Look below for the line that has "Driveshaft for Dacia"; output exactly from it through the line that has "Shimmery Slacks", and leave the pictures out.

[[ RECORDS PROVIDED, beginning ]]

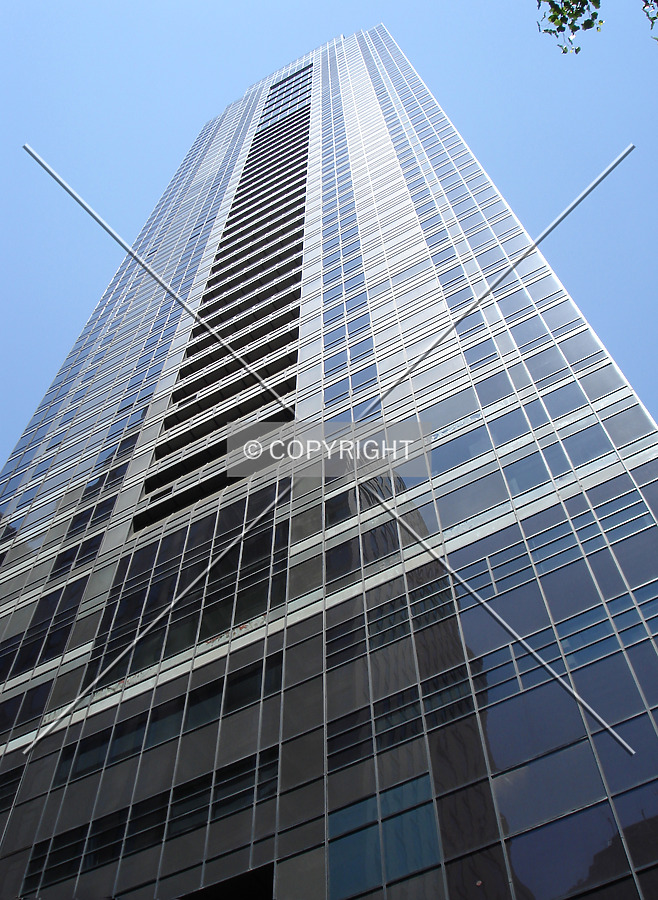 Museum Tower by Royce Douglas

[[ RECORDS PROVIDED, end ]]
[[ RECORDS PROVIDED, beginning ]]

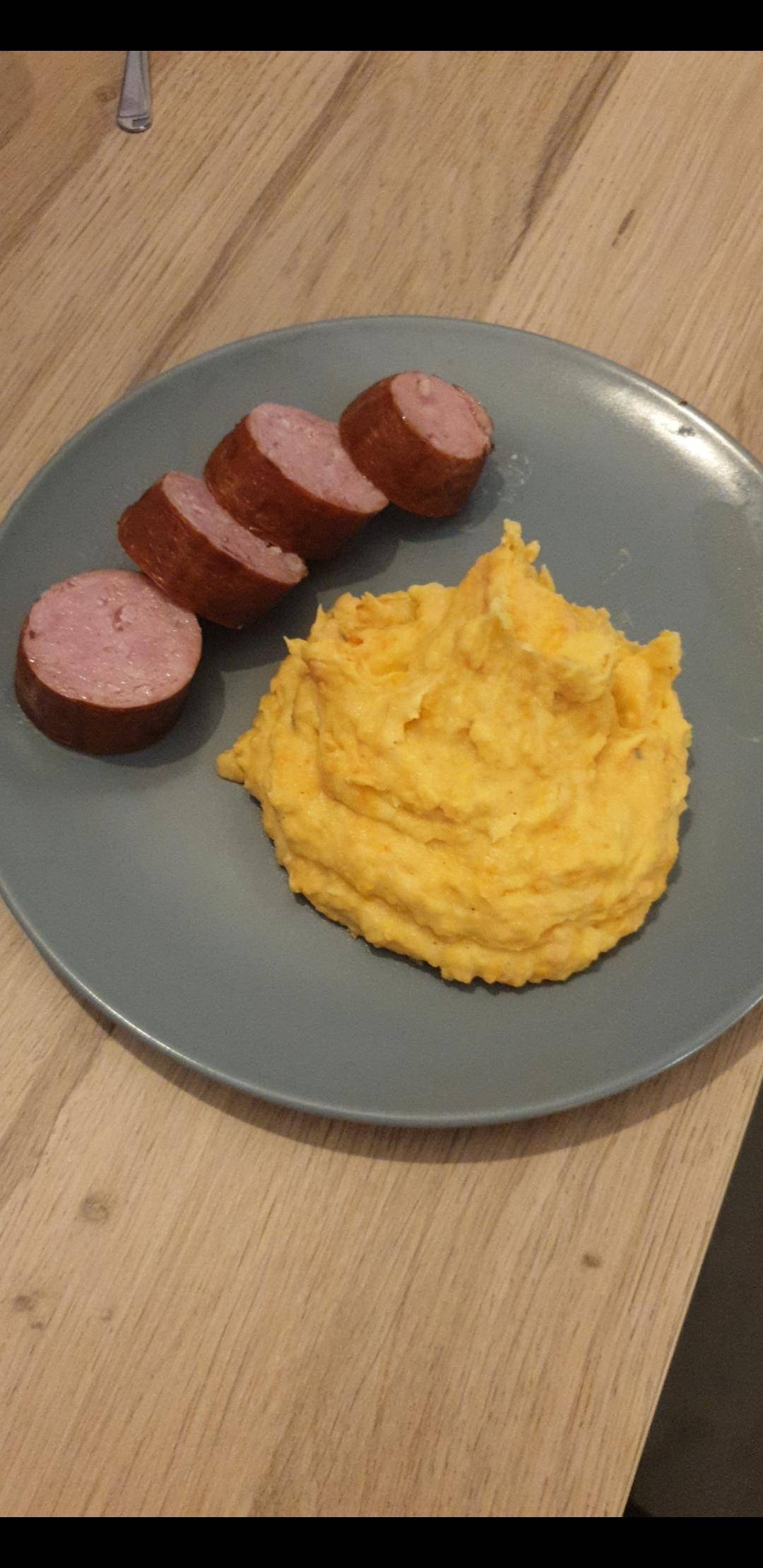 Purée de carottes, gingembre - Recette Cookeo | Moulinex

[[ RECORDS PROVIDED, end ]]
[[ RECORDS PROVIDED, beginning ]]

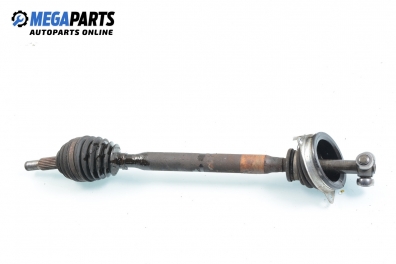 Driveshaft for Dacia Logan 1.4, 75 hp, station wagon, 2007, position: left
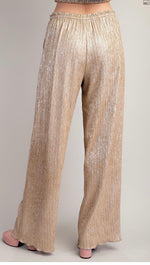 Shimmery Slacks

[[ RECORDS PROVIDED, end ]]

> SOLVED EXERCISE
 Driveshaft for Dacia Logan 1.4, 75 hp, station wagon, 2007, position: left
 Shimmery Slacks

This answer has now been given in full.